Well, any friend of Damian's... :^)

--Brent Dax <[EMAIL PROTECTED]>
@roles=map {"Parrot $_"} qw(embedding regexen Configure)

He who fights and runs away wasted valuable running time with the
fighting.




RE: Perl6 grammar (take V)

2002-07-14 Thread Sean O'Rourke

On Sun, 14 Jul 2002, Brent Dax wrote:

> Deborah Ariel Pickett:
> # My perl5 sensibilities tell me that that's likely to cause a
> # problem when I want to do something like this:
> #
> # $hashref = { function_returning_hash() };
> #
> # because I won't get the function's return values put into a
> # hash, because the stuff inside the { ... } isn't a list of
> # pairs.  Instead I'll get a (reference to) a closure, not at
> # all the same thing.

You've got a point.  There's an easy way to say "I want a sub":

my $sub = -> { ... }

But I can't think of a similarly punctuation-intensive way to say "I want
a hash."  (someone please step in and correct me).
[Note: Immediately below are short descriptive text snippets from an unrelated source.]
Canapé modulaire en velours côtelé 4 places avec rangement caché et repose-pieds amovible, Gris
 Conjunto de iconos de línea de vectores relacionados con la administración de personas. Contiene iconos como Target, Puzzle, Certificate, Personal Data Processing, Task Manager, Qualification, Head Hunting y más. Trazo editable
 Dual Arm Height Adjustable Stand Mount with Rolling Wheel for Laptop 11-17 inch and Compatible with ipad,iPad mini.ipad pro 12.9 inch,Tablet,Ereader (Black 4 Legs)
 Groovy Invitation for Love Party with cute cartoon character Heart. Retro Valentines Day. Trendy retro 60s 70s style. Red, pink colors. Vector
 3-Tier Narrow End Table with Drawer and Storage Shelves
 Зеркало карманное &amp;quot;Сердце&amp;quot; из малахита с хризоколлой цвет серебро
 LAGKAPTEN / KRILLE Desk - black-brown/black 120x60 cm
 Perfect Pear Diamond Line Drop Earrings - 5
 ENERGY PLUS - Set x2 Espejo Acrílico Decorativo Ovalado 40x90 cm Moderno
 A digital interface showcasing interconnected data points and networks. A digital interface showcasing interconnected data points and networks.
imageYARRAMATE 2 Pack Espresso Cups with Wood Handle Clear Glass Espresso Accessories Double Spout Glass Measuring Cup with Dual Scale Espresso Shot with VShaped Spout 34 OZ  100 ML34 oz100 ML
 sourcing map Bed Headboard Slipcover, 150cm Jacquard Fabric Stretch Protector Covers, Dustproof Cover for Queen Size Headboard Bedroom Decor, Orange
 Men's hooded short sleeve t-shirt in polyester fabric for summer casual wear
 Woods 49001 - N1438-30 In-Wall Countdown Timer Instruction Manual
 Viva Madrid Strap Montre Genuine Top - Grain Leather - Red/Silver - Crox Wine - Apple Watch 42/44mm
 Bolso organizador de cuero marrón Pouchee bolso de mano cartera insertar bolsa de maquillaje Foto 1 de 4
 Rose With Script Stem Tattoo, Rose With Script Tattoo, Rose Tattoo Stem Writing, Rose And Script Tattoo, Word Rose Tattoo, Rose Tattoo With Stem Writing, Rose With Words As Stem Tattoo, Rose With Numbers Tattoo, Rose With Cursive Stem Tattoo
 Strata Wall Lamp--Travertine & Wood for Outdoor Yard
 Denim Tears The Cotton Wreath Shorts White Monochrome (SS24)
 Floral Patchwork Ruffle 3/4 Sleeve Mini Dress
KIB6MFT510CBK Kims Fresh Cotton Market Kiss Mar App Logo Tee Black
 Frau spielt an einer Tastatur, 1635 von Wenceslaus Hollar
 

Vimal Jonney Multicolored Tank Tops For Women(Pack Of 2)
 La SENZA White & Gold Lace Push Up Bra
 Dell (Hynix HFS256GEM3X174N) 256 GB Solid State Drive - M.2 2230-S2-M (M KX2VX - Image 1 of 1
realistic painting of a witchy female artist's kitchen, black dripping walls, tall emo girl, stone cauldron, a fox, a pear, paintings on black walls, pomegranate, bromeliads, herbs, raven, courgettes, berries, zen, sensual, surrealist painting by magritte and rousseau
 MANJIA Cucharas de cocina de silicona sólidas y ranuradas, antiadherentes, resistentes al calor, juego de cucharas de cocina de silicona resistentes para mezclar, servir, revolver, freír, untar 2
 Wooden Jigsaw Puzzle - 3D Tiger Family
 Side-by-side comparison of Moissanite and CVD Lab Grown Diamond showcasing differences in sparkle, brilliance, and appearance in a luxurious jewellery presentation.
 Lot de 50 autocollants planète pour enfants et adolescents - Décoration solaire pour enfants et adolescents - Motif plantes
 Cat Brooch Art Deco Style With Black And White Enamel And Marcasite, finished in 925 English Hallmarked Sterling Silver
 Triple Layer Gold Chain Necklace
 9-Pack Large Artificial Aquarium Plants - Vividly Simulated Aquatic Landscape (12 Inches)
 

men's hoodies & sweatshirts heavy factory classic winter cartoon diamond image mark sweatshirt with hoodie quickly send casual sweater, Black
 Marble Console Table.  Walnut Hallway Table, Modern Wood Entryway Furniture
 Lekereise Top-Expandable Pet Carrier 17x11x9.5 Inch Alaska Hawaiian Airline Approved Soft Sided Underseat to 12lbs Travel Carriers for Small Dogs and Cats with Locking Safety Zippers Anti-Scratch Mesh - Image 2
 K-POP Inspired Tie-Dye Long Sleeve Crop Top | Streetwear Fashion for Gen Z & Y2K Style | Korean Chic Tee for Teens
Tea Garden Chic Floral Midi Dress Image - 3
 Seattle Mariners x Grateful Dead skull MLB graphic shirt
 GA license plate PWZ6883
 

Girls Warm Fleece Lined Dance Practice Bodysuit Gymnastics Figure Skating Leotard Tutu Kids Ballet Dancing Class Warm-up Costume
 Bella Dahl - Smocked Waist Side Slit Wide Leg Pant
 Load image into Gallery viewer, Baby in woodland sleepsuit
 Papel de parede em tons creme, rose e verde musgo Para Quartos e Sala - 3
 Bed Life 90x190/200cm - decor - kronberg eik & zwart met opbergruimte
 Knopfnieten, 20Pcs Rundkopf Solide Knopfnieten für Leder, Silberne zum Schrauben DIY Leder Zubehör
> # that this is being phased out for perl6 (the grammar backs that up).

I wouldn't take the grammar too seriously -- it's more or less one
person's interpretation of the Apocalypses, Exegeses, and recent mailing
list traffic.

>   my HASH $hashref;
>   my CODE $subref;

So if I have the above two declarations, and do this later:

$hashref = { ... };
$subref = { ... };

It does "the right thing"?  This could work up to a point, but Perl can do
crazy things like this:

$foo ?? $hashref :: $subref = { ... };

and propagate context differently to different branches of the ternary
(try doing $x ? @y : $z = (2,3,4) sometime -- very cool!).  And while we
could interpret the block differently on each branch, that seems a bit too
scary.

> (Alternatively, always parse it as a closure and afterwards run through
> the parse tree, checking all the closures and converting those that only
> contain pairs.)

Or use context to try and figure it out.  Unfortunately, from the outside
I think either would just look like "a reference".  Maybe if the compiler
could figure out that your function would return pairs, it could fix
things up so that turns into a hash-ref.  But then you can get into
trouble with a function that returns pairs only in non-hash-ref
contexts...

/s




Re: Perl6 grammar (take V)

2002-07-14 Thread Ashley Winters

On Monday 15 July 2002 06:57 am, Sean O'Rourke wrote:
> On Sun, 14 Jul 2002, Brent Dax wrote:
> > Deborah Ariel Pickett:
> > # My perl5 sensibilities tell me that that's likely to cause a
> > # problem when I want to do something like this:
> > #
> > # $hashref = { function_returning_hash() };
> > #
> > # because I won't get the function's return values put into a
> > # hash, because the stuff inside the { ... } isn't a list of
> > # pairs.  Instead I'll get a (reference to) a closure, not at
> > # all the same thing.
>
> You've got a point.  There's an easy way to say "I want a sub":
>
> my $sub = -> { ... }
>
> But I can't think of a similarly punctuation-intensive way to say "I want
> a hash."  (someone please step in and correct me).

I nominate:

$() == scalar()
%() == hash()
@() == array()

For the above function:

$hashref = %(function_returning_list_which_needs_to_be_hashified());

That would make %() a hash constructor, just like {}.

Ashley Winters

-- 
When you do the community's rewrite, try to remember most of us are idiots.